▶ **WORK INSTRUCTIONS**:
Please give back each line of the material unchanged, but without the images.
LISTED RECORDS section start
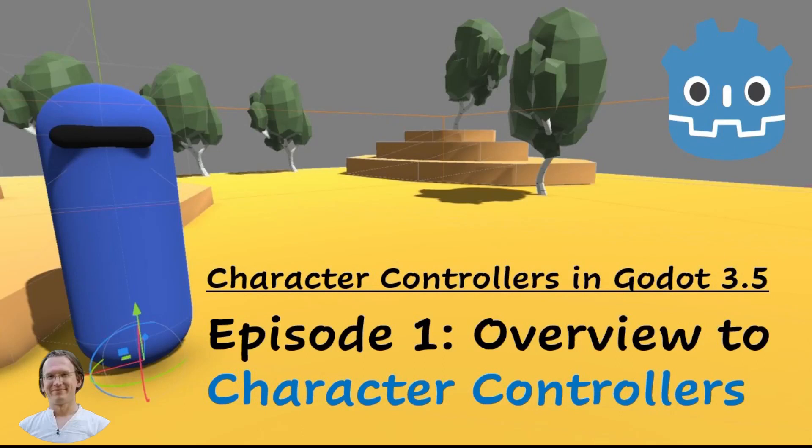Hello and welcome back. The video today is the start of a new small series of videos about character controllers or player controllers in Godot.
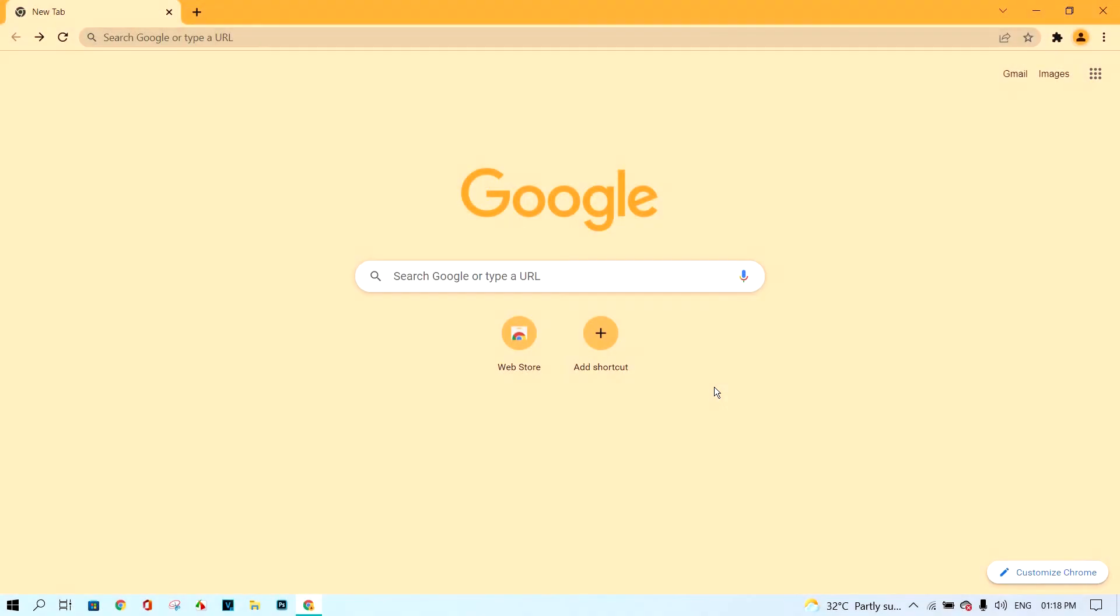First, click on the box here and next, tap google.com. Next, press enter.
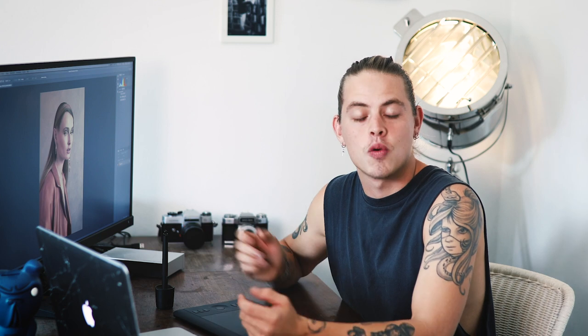Hey guys and welcome to my first YouTube tutorial. Today the topic is black and white and how to achieve this amazing look in Photoshop.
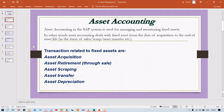In the SAP system, asset accounting is used for managing and monitoring fixed assets. In other words, asset accounting deals with fixed assets from the date of acquisition — acquisition means the date of purchase or construction — till the end of the asset's life.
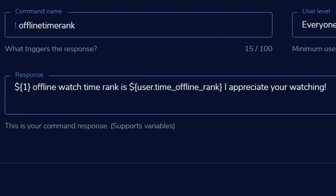All kidding aside, we have a command in chat called offline time rank. And the response is: user offline watch time rank is user time offline rank. I appreciate you watching. It's really basic — it's not anything really flashy, to be honest with you.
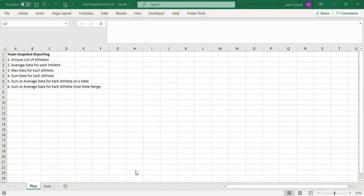Hi everyone, this is Adam Virgil. Let's face it, there's a lot of different things you can do in Microsoft Excel. The purpose of this video is to streamline that and show you the things you absolutely need to know so you can do what you need to do and practice without getting overwhelmed. We're going to go over dynamic arrays, which are very powerful. You will need Office 365 to participate in this tutorial. Let's get started.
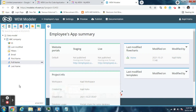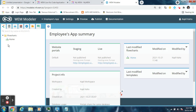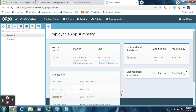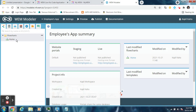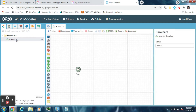Now let's move to another section — that is the Flowcharts. Click here on the first tab, Flowcharts. In this you can see that there is already a flowchart called Home. It is the default flowchart that is always present. To create new flowcharts you can right-click on Flowcharts and then click New Flowchart. But in this application we will proceed with the Home flowchart only.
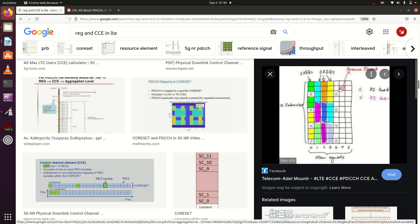So a resource element is the smallest unit made up of one symbol and one subcarrier. In the next lecture, we will see about aggregation level, and I will explain all these calculations with an example for better understanding. Thank you.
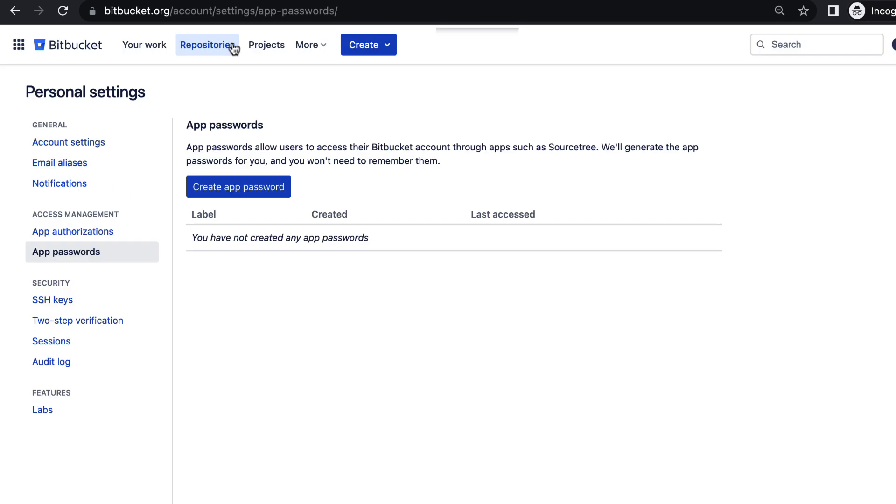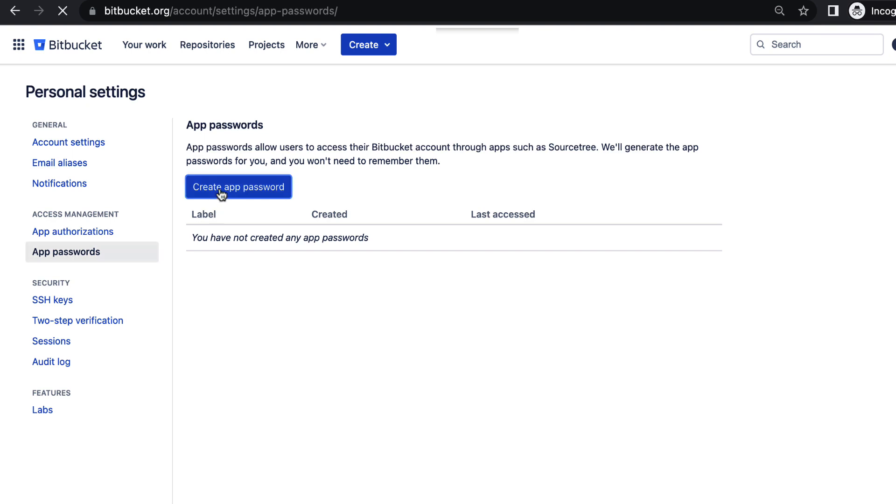To overcome this issue, we need to go to this particular location. The link is updated in the description of this video. Once you go there, there is a button to create an app password. I just clicked on create app password.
LISTED RECORDS section end
▶ **ANSWER**:
Hello and welcome back. The video today is the start of a new small series of videos about character controllers or player controllers in Godot.
First, click on the box here and next, tap google.com. Next, press enter.
Hey guys and welcome to my first YouTube tutorial. Today the topic is black and white and how to achieve this amazing look in Photoshop.
In the SAP system, asset accounting is used for managing and monitoring fixed assets. In other words, asset accounting deals with fixed assets from the date of acquisition — acquisition means the date of purchase or construction — till the end of the asset's life.
All kidding aside, we have a command in chat called offline time rank. And the response is: user offline watch time rank is user time offline rank. I appreciate you watching. It's really basic — it's not anything really flashy, to be honest with you.
Hi everyone, this is Adam Virgil. Let's face it, there's a lot of different things you can do in Microsoft Excel. The purpose of this video is to streamline that and show you the things you absolutely need to know so you can do what you need to do and practice without getting overwhelmed. We're going to go over dynamic arrays, which are very powerful. You will need Office 365 to participate in this tutorial. Let's get started.
Now let's move to another section — that is the Flowcharts. Click here on the first tab, Flowcharts. In this you can see that there is already a flowchart called Home. It is the default flowchart that is always present. To create new flowcharts you can right-click on Flowcharts and then click New Flowchart. But in this application we will proceed with the Home flowchart only.
So a resource element is the smallest unit made up of one symbol and one subcarrier. In the next lecture, we will see about aggregation level, and I will explain all these calculations with an example for better understanding. Thank you.
To overcome this issue, we need to go to this particular location. The link is updated in the description of this video. Once you go there, there is a button to create an app password. I just clicked on create app password.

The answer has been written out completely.